Risk assets were very volatile in June buffeted by influences including the changing guidance on interest rates of the US Federal Reserve (Fed), the Bank of Japan seemingly backing away from additional monetary stimulus, the surprise Brexit vote outcome in the United Kingdom and the expected policy reaction of the Bank of England. The early July election in Australia and its initially indeterminate outcome is also likely to add to uncertainty in local markets. With these various influences in play, major equity markets showed very mixed results in June. The best performing share market, surprisingly, was the British FTSE 100, up 4.4% and recovering steep losses post-Brexit vote as the Bank of England indicated it would not only provide near-term liquidity support but was in a position to ease monetary policy if needed. The worst performing share market was Japan’s Nikkei, down by 9.6% in June and reflecting the reluctance of the Bank of Japan to provide further policy stimulus. In Europe, the Eurostoxx 50 index was down by 6.5%, the US S&P 500 index was up by 0.1% while locally the ASX 200 fell by 2.7%.

Australian credit was quite volatile through the period of the Brexit vote and its immediate aftermath but finished June more or less where it started the month. Australian risk assets were finding favour compared with their international peers for a period in June, but the indeterminate election result if it results in a hung parliament could cast Australian economic and investment fundamentals in a less favourable light. On the interest rate front, the uncertainty globally and at home has promoted strong safe-haven buying of government bonds. Bond buying was reinforced in mid-June when the US Fed at its policy meeting left rates on hold and indicated diminished likelihood of any rate hike throughout the northern summer. The RBA left its cash rate unchanged at 1.75% in early June and seemed neutral on the rate outlook in its accompanying statement. Various less growth friendly events since including Britain’s Brexit vote and the too-close-to-call Australian election, plus the likelihood of a very low Australian Q2 CPI result later in July make it likely that the RBA will resume cutting rates soon. The US 10-year bond yield fell in June by 38bps to 1.47%, while the 30-year treasury yield fell by 37bps to 2.28%. The Australian 10-year bond yield fell by 33bps to 1.97%.
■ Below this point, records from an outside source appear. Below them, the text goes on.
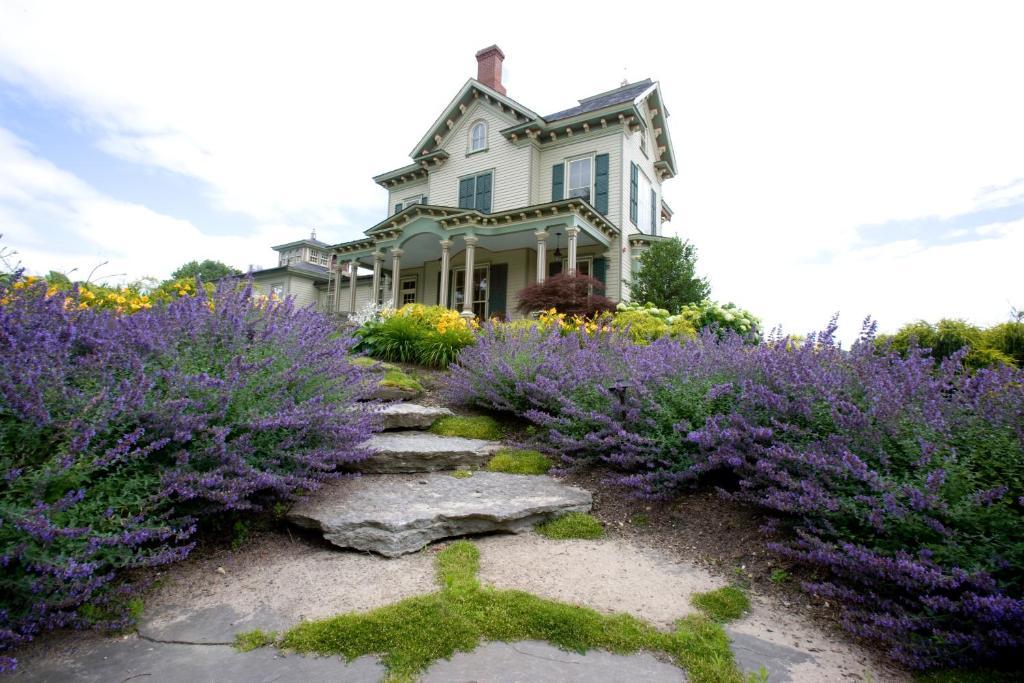 Jedediah Hawkins Inn Jamesport Exteriér fotografie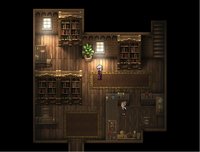 Blood Opera Crescendo - Kickstarter DEMO screenshot, image №2020927 - RAWG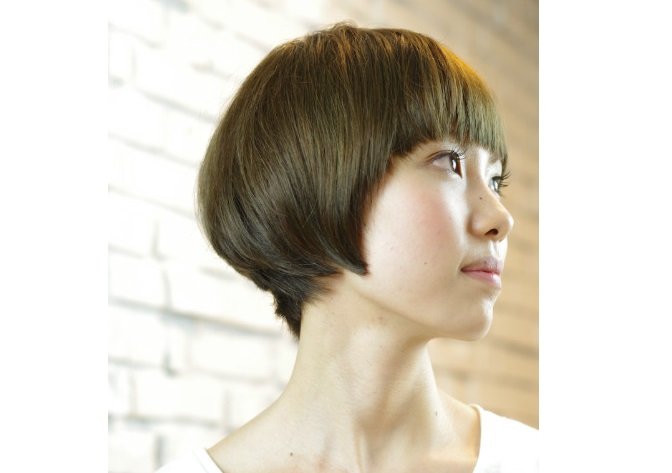 Irie+ | 心斎橋のヘアサロン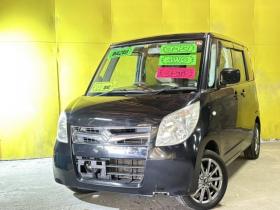 ルークス　（特別価格車）T 4WD 660 5Dr
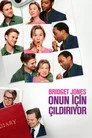 Bridget Jones: Onun İçin Çıldırıyor Film Posteri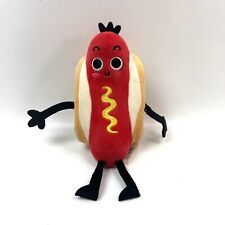 Hotdog food mustard for sale  Shipping to Ireland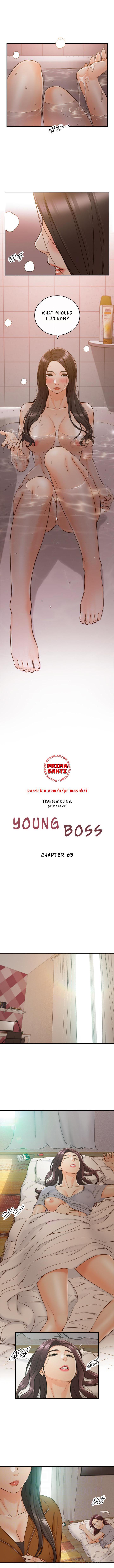 Watch image manhwa Young Boss - Chapter 65 - EZBtx6gf9TbUj2j - ManhwaXX.net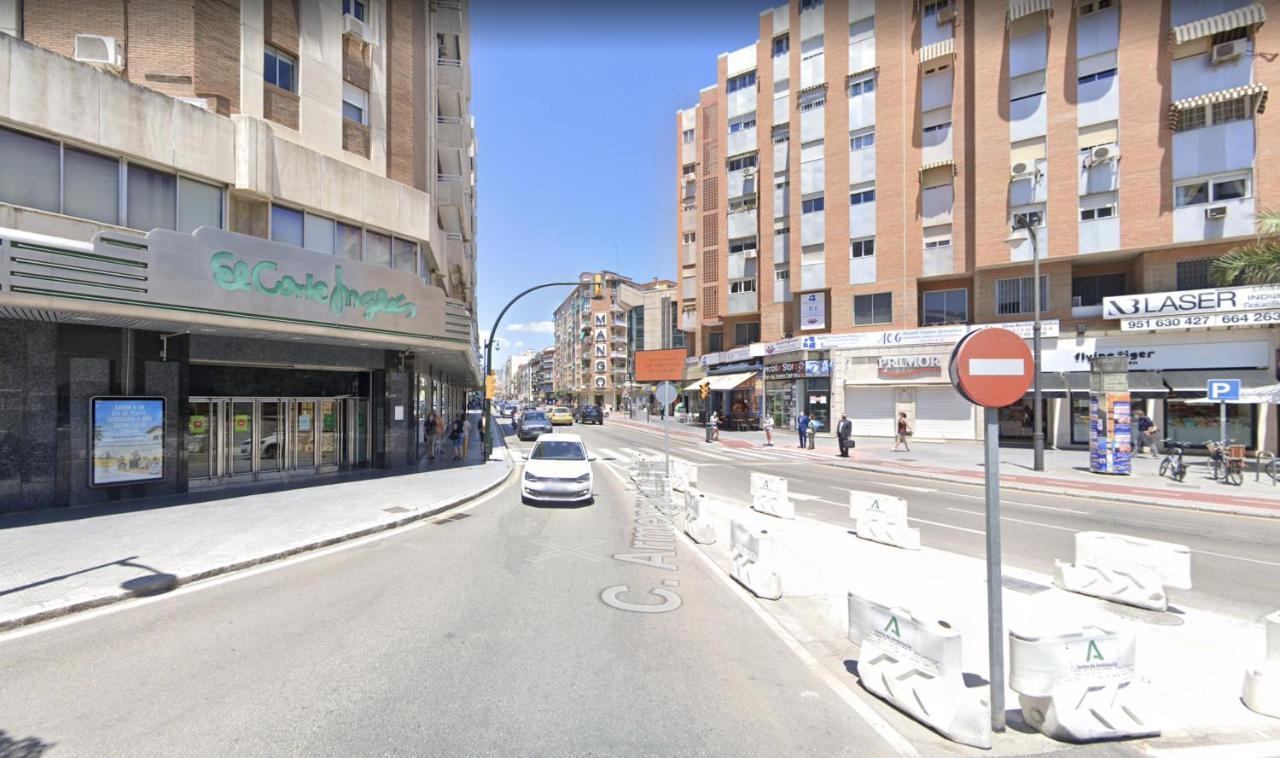 Holidays2Malaga 2 Bedroom Armengual De La Mota Close Shopping Center Экстерьер фото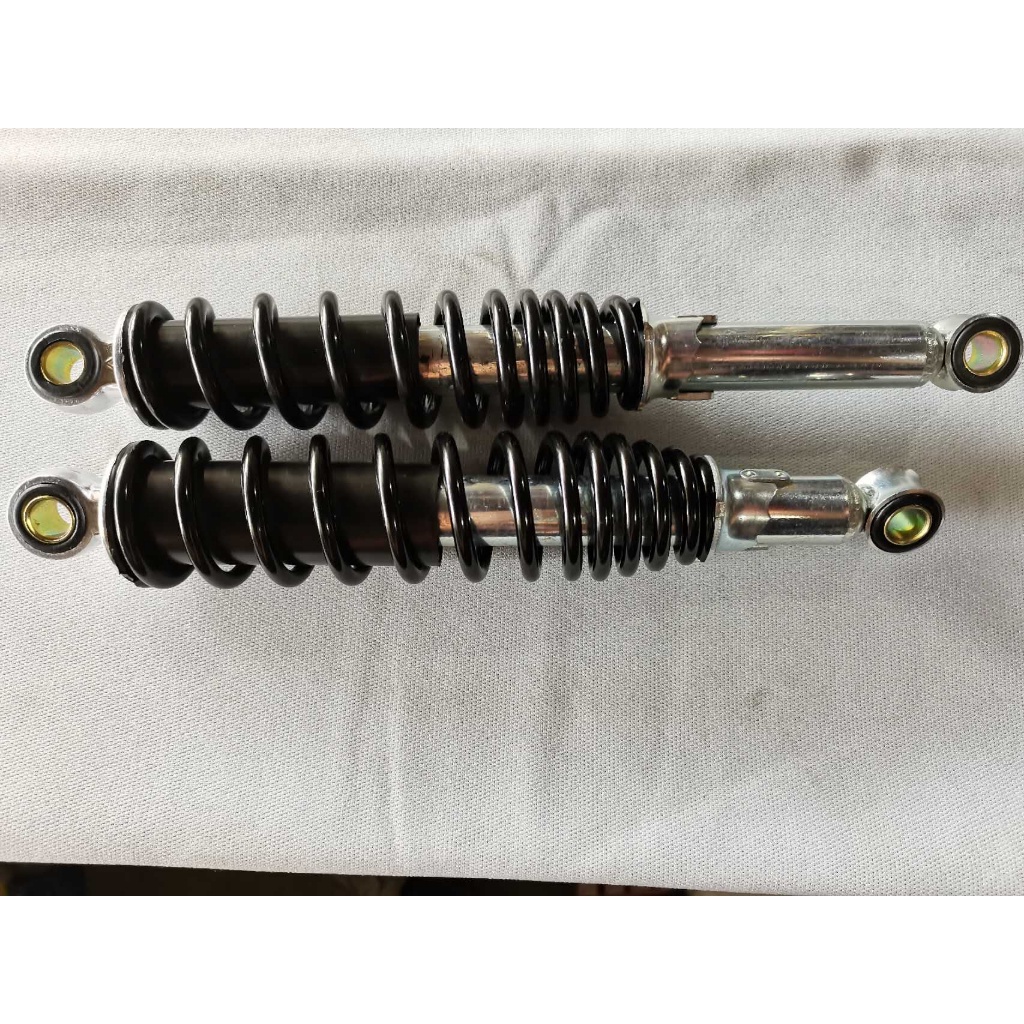 Secondary/DOUBLE shock/Shock support for tmx 1pc only | Shopee Philippines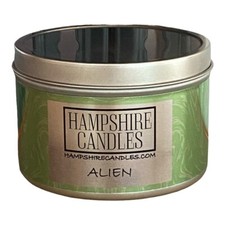 Alien Scented Candle | Highly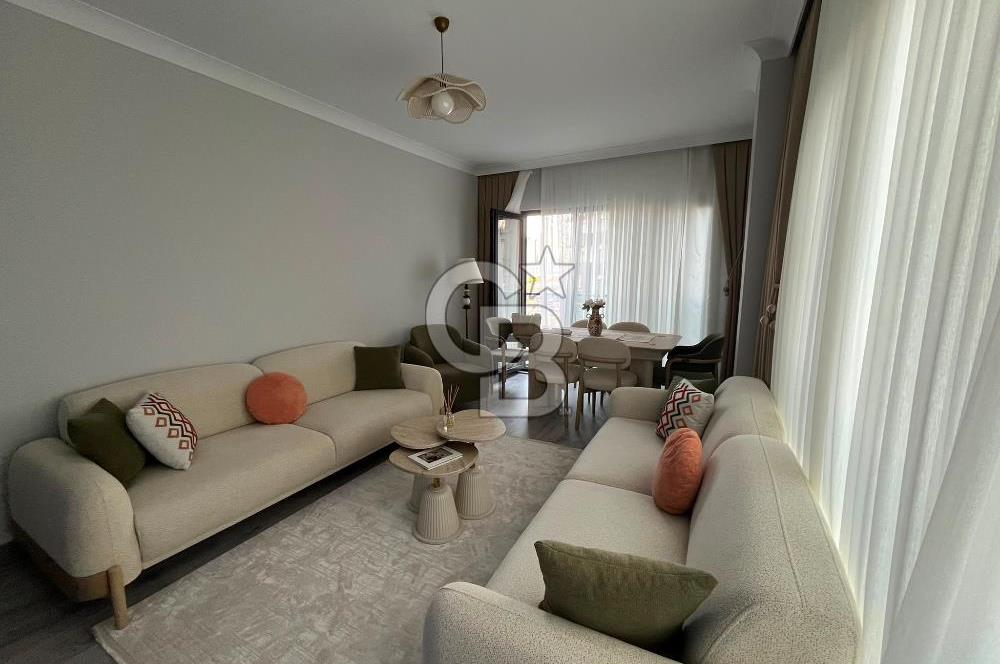 Pendik Fevzi Çakmak Hastane ve Metro karşısında site içi 2+1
Returning to the US economy GDP growth moderated noticeably in late 2015 and early 2016 with GDP growing at 1.4% annualised pace in Q4 2015 followed by a 1.1% lift in Q1 2016. Housing activity and household consumption spending appear reasonably strong in Q2 although indicators of business investment spending remain weak and there are some signs that labour market conditions are not as strong as they were. May nonfarm payrolls were up only 38,000 after a downwardly revised 123,000 lift in April. The June nonfarm payrolls report is due later this week and will be watched with considerable interest to see if there is further confirmation or otherwise of the softer trend. For the time being, the Fed is sufficiently concerned about the softer turn in the labour market to postpone hiking interest rates. Given rising uncertainty in the global economy the postponement may last through the remainder of this year.

In China, a run of softer-than-expected April and May economic readings point to GDP growth in Q2 being about the same as the 6.7% y-o-y reported in Q1. Lack of a discernible improvement in growth will be disappointing outcome after the monetary and fiscal policy stimulus applied over the past 12 to 18 months. China’s economy is rebalancing as the authorities intend towards consumer spending and production of services, but the fall away in exports and manufacturing activity is very pronounced and is adding to problems of insufficient corporate earnings to service interest on corporate debt. The potential remains for a banking crisis to develop in China. The authorities have the capacity to recapitalise poorly performing banks, but considerable reform of bank lending practices is needed too. The return of rapidly rising residential property prices in China’s major cities in part reflects on poor bank lending practices.

In Europe, GDP growth was surprisingly strong in Q1 2016, up by 0.6% q-o-q, 1.6% y-o-y. Europe’s unemployment rate fell again in May to 10.1% from 10.2% in April and deflation in April and May turned to slight inflation. 0.1% y-o-y in June. While the economic numbers in Europe looked a little better, the big event was Britain’s surprise referendum decision to exit the European Union. The vote decision opened up many avenues of uncertainty surrounding the lengthy formal divorce process, chaos in both of Britain’s major political parties, whether the EU would play hard ball negotiating Britain’s exit, whether other EU members might follow Britain’s lead and many months of difficulty assessing economic and financial market impacts. In the immediate term central banks – the Bank of England and ECB – are promising more liquidity support producing knee-jerk buying in share markets that could easily turn tail again. Europe’s economic prospects have become more uncertain.

The Australian economy has been standing up as a beacon of relative economic strength in an uncertain world. There have been signs, notwithstanding an apparently strong Q1 GDP reading (+1.1% q-o-q, +3.1% y-o-y) that strong economic activity may be both starting to fade and becoming more isolated to New South Wales and Victoria. Housing activity has taken a noticeably softer turn everywhere other than Melbourne and Sydney. Employment growth has moderated noticeably in the early months of 2016 and what there is has become limited to New South Wales and Victoria and is overwhelmingly part-time rather than full-time. Retail sales growth has moderated noticeably in the early months of 2016 too. The Federal election result when it is eventually known – either a government with tiny majority or a minority government relying on cross-bench support to pass legislation, plus an even more difficult Senate than the one that preceded – is likely to dampen business and consumer sentiment, limit business investment and employment growth, dampen general growth prospects and further limit growth in government revenues. Even more pressure will be placed on the RBA to try and promote reasonable growth. We see the RBA cutting the cash rate in August and again in November and by 25bps to 1.25%. The risk is that they may need to cut rates even more aggressively than we are indicating.